» **Your goal**: Begin the copy at the line containing "디올 핸드라이팅 캐주얼 핏 티셔츠 화이트" in the data below and end it at the line containing "Photo 1 of 1 Lincoln Ga, Spruce Grove AB", keeping each line exact and leaving out pictures.

» **Materials provided**:
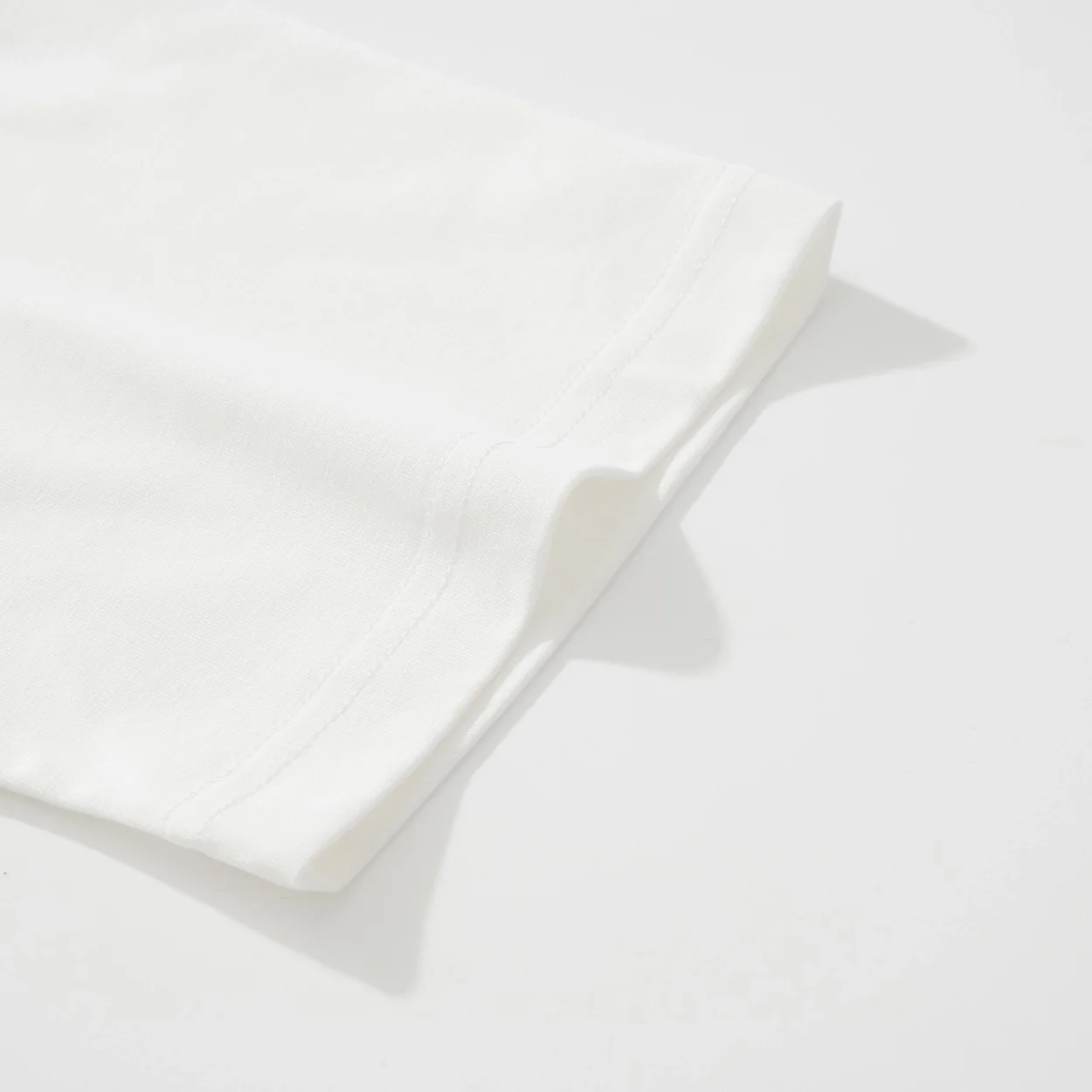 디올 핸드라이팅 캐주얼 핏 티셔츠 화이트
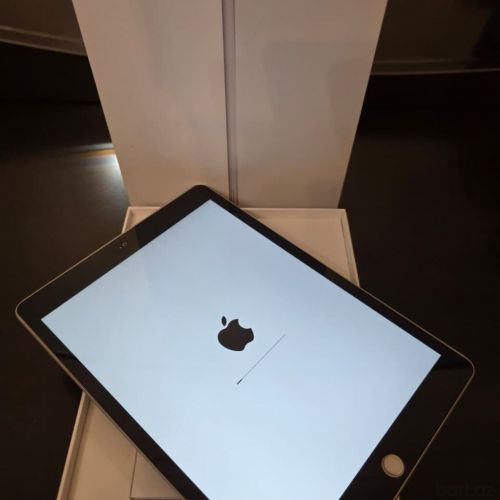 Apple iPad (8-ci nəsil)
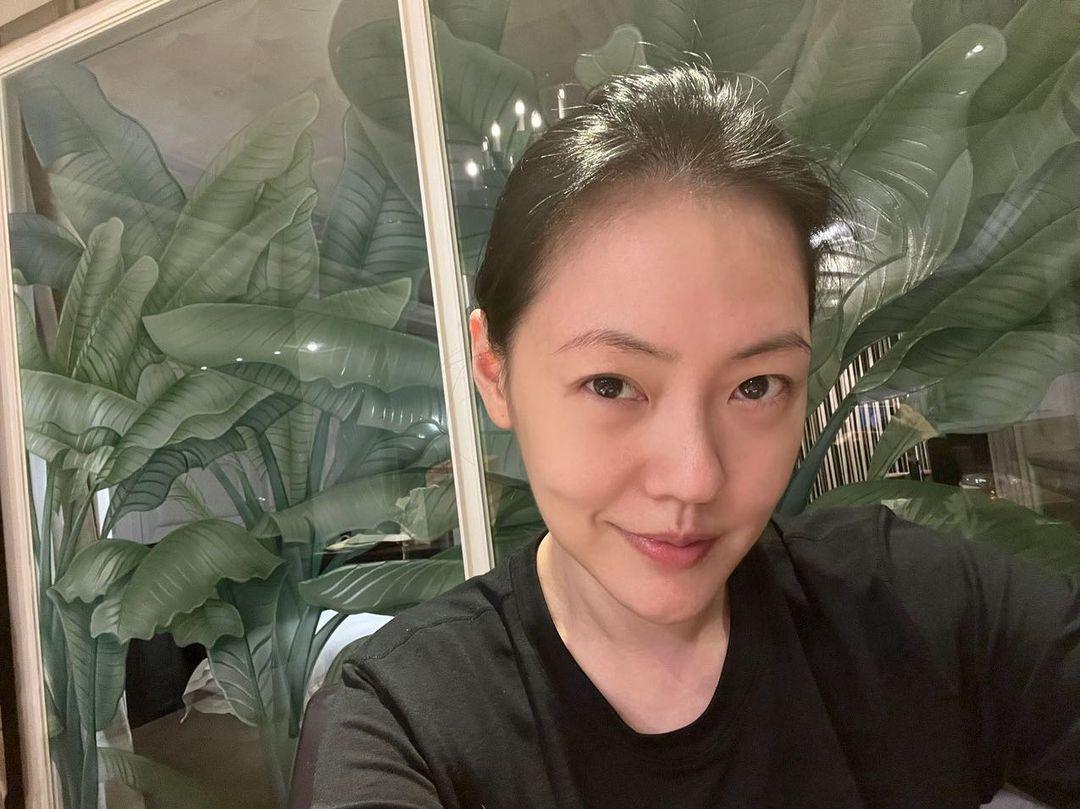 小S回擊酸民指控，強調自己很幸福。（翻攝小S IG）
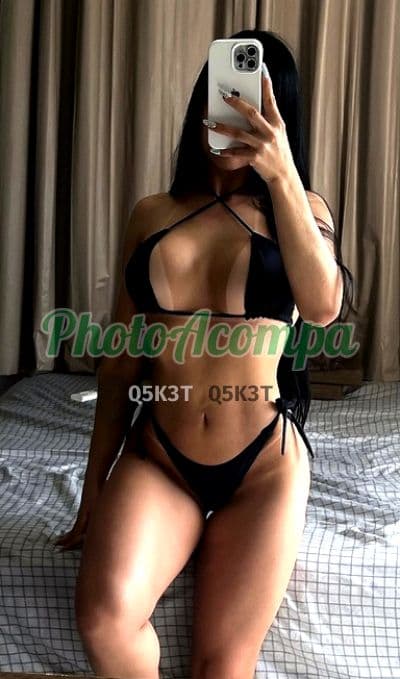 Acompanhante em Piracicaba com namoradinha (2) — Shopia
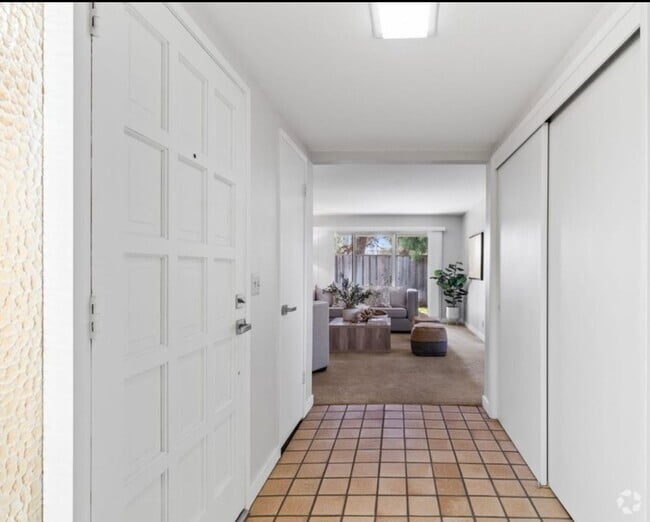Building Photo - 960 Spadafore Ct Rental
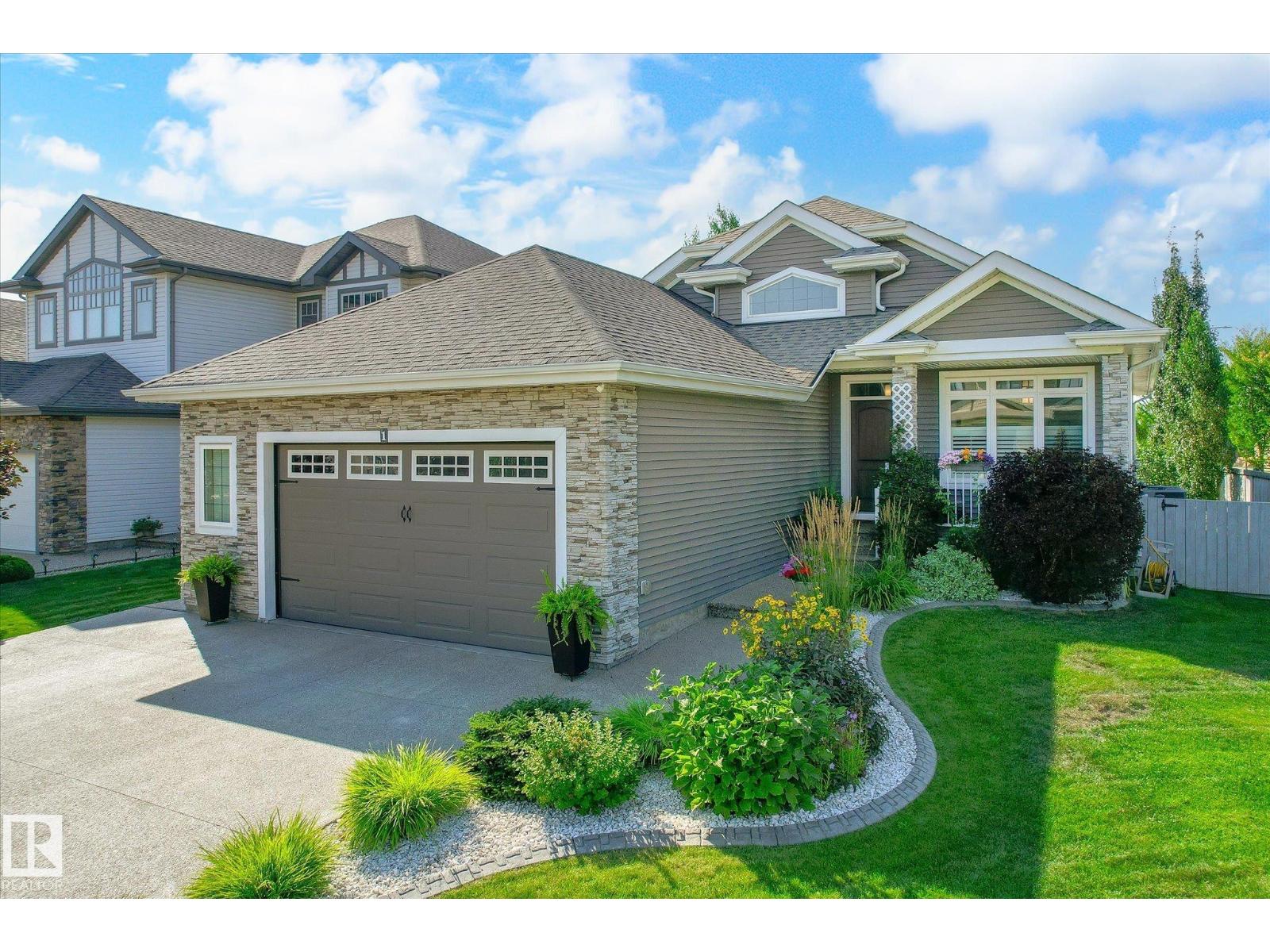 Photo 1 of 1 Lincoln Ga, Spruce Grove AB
...
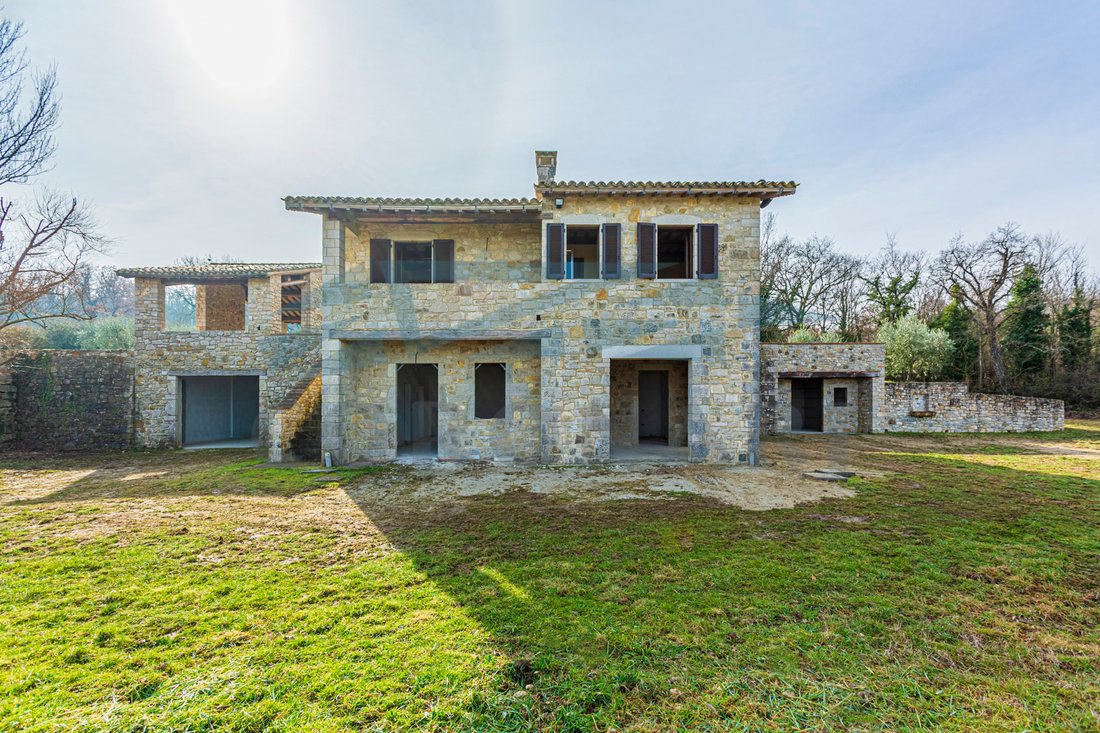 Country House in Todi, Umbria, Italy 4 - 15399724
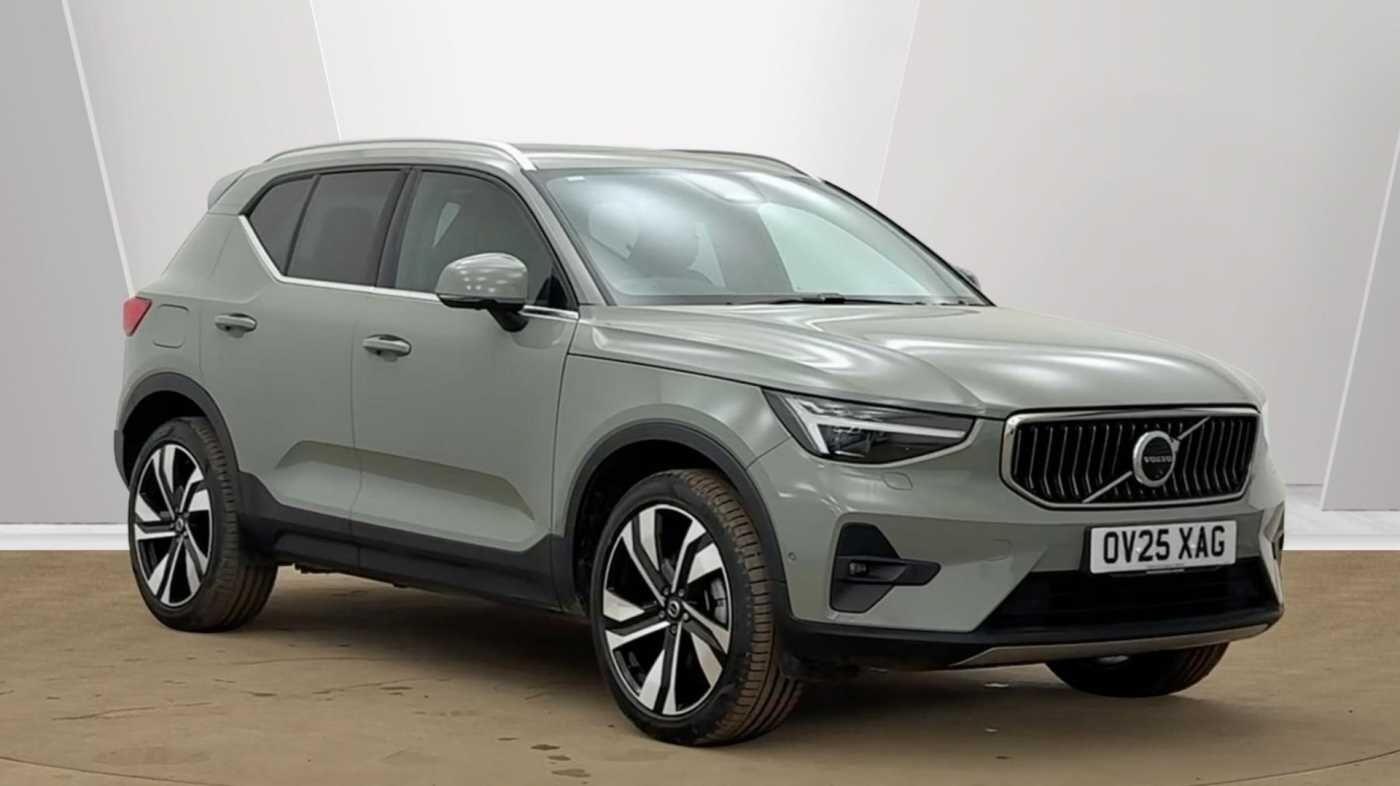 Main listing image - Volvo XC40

» **Answer below**:
 디올 핸드라이팅 캐주얼 핏 티셔츠 화이트
 Apple iPad (8-ci nəsil)
 小S回擊酸民指控，強調自己很幸福。（翻攝小S IG）
 Acompanhante em Piracicaba com namoradinha (2) — Shopia
Building Photo - 960 Spadafore Ct Rental
 Photo 1 of 1 Lincoln Ga, Spruce Grove AB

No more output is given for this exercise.